Work item: Pictures excluded, return every entry exactly, please.

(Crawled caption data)

• • • • •

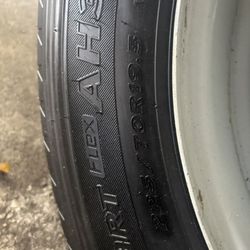 La Goma Ford 1500 Está Buena Nueva, 225/7or19.5 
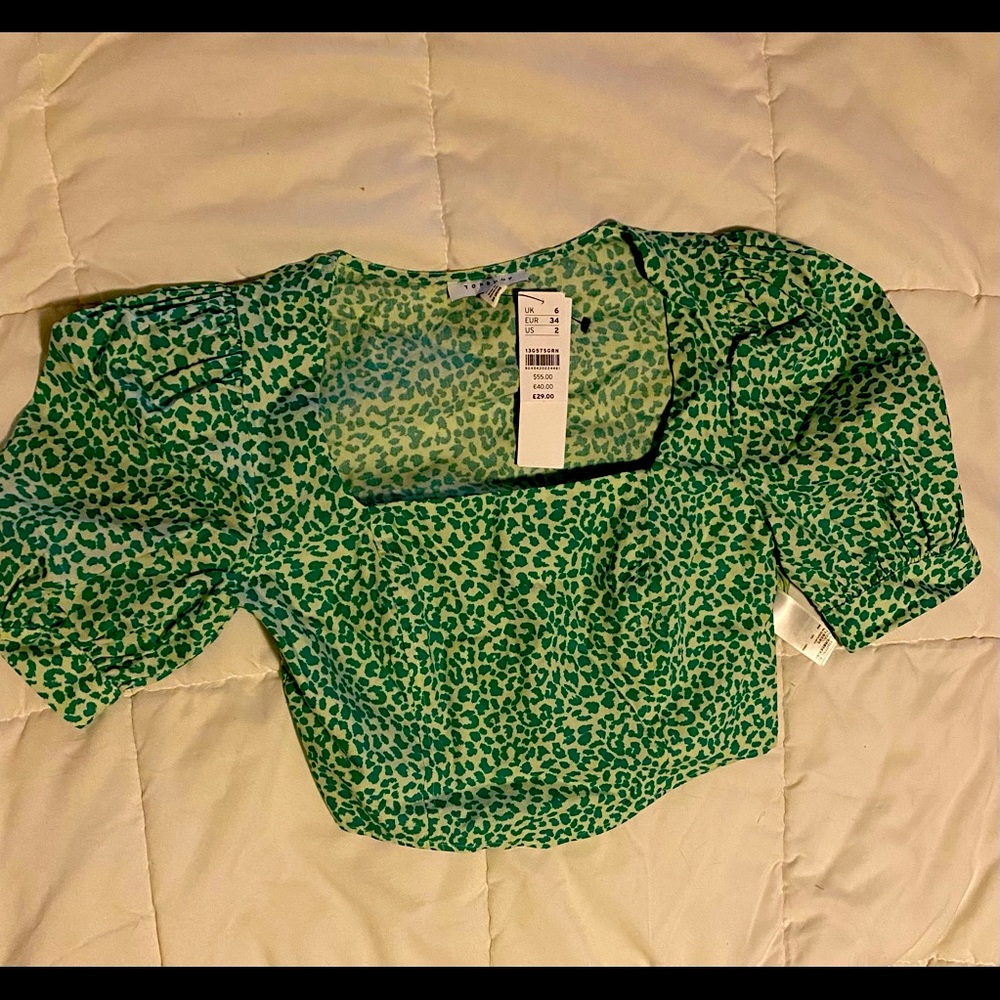 Green leopard print top shop cropped blouse puff sleeve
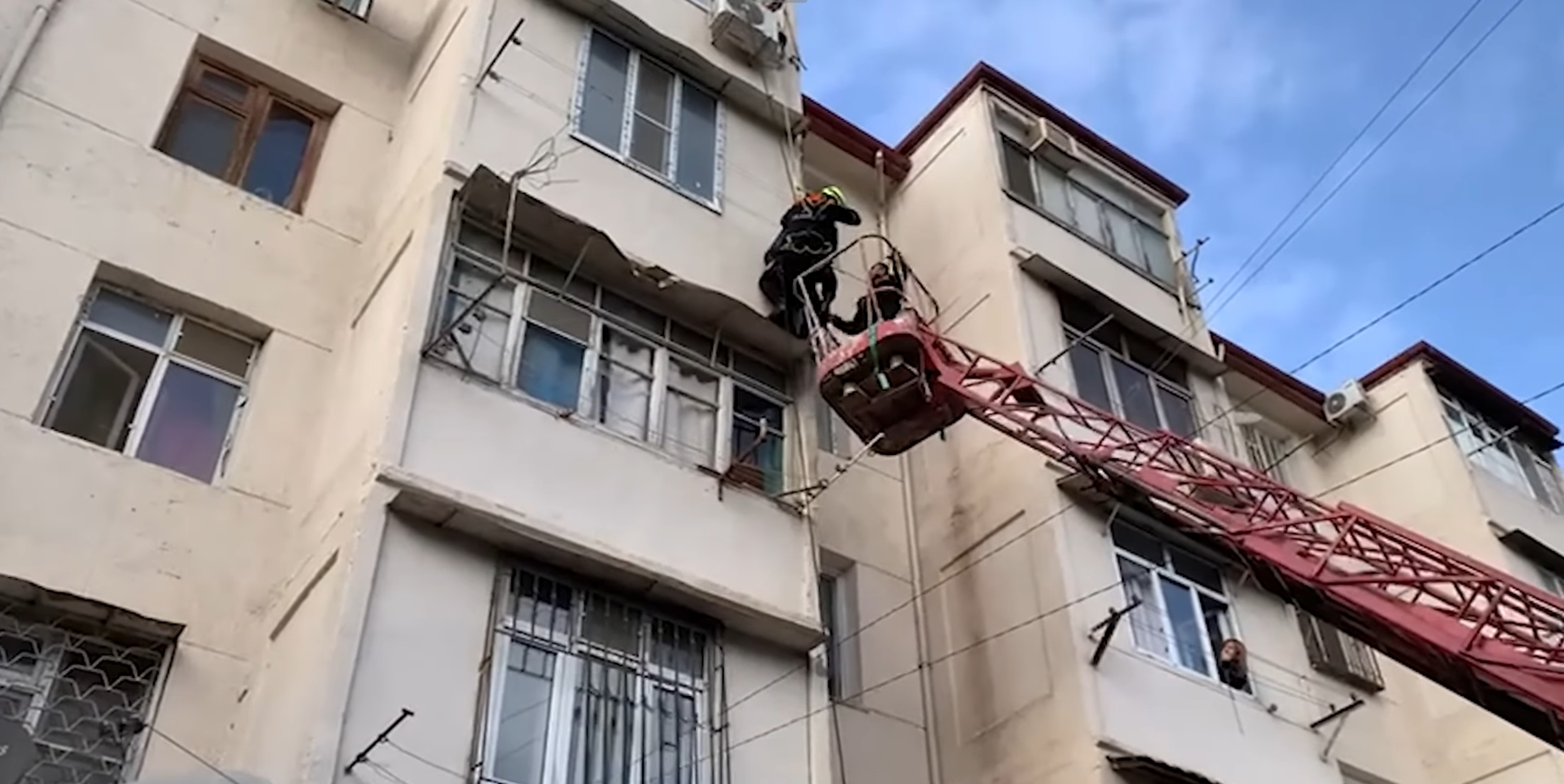 Bakıda eyvanda köməksiz vəziyyətdə qalan şəxs belə XİLAS EDİLDİ - VİDEO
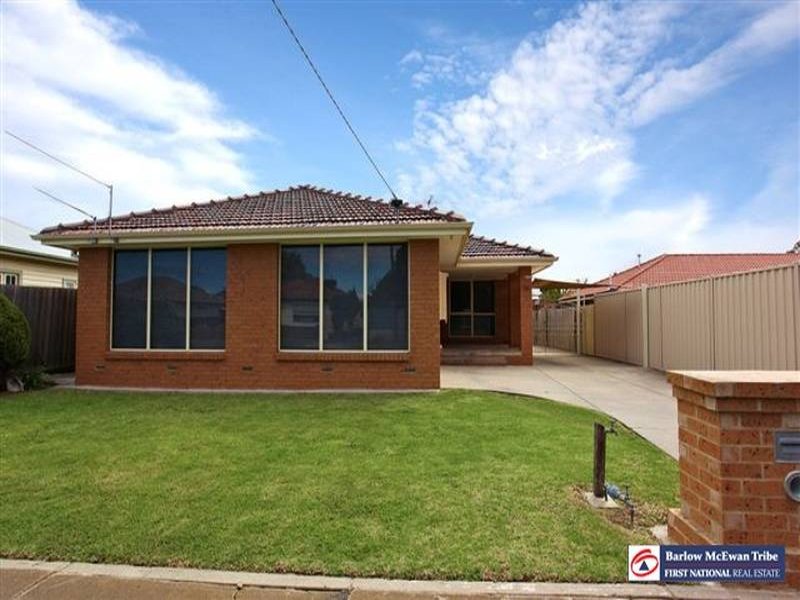 25 Waratah Street, Seaholme, Vic 3018 Property Details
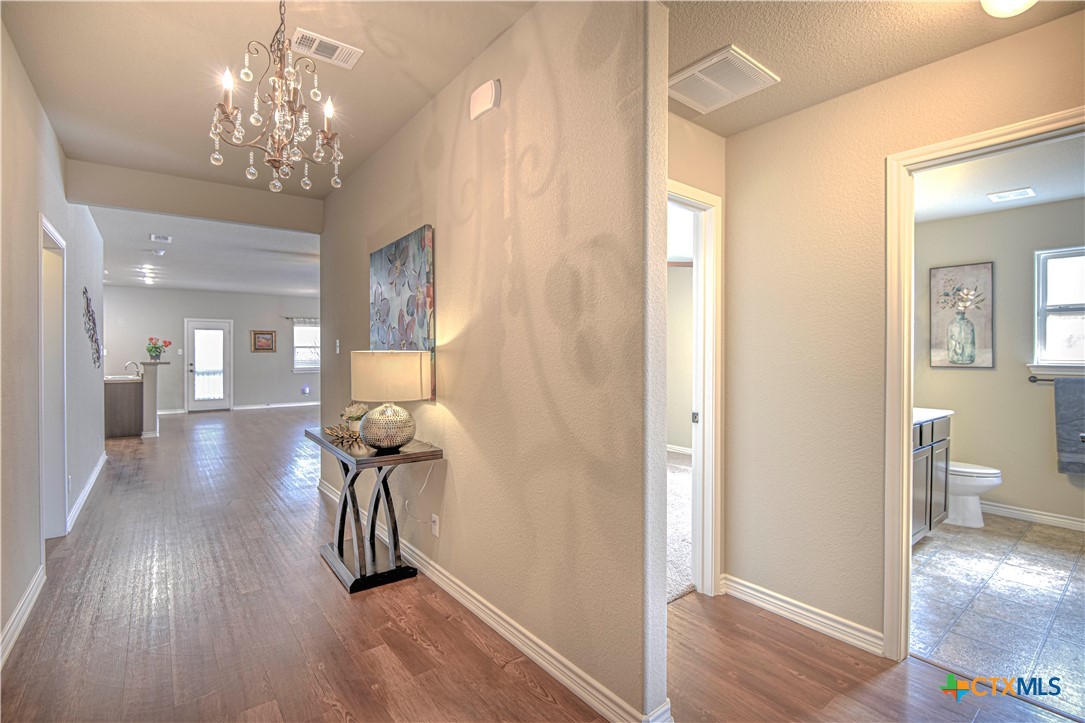 6826 Ambrose Circle Property Photo 8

• • • • •

Finished exercise:
 La Goma Ford 1500 Está Buena Nueva, 225/7or19.5 
 Green leopard print top shop cropped blouse puff sleeve
 Bakıda eyvanda köməksiz vəziyyətdə qalan şəxs belə XİLAS EDİLDİ - VİDEO
 25 Waratah Street, Seaholme, Vic 3018 Property Details
 6826 Ambrose Circle Property Photo 8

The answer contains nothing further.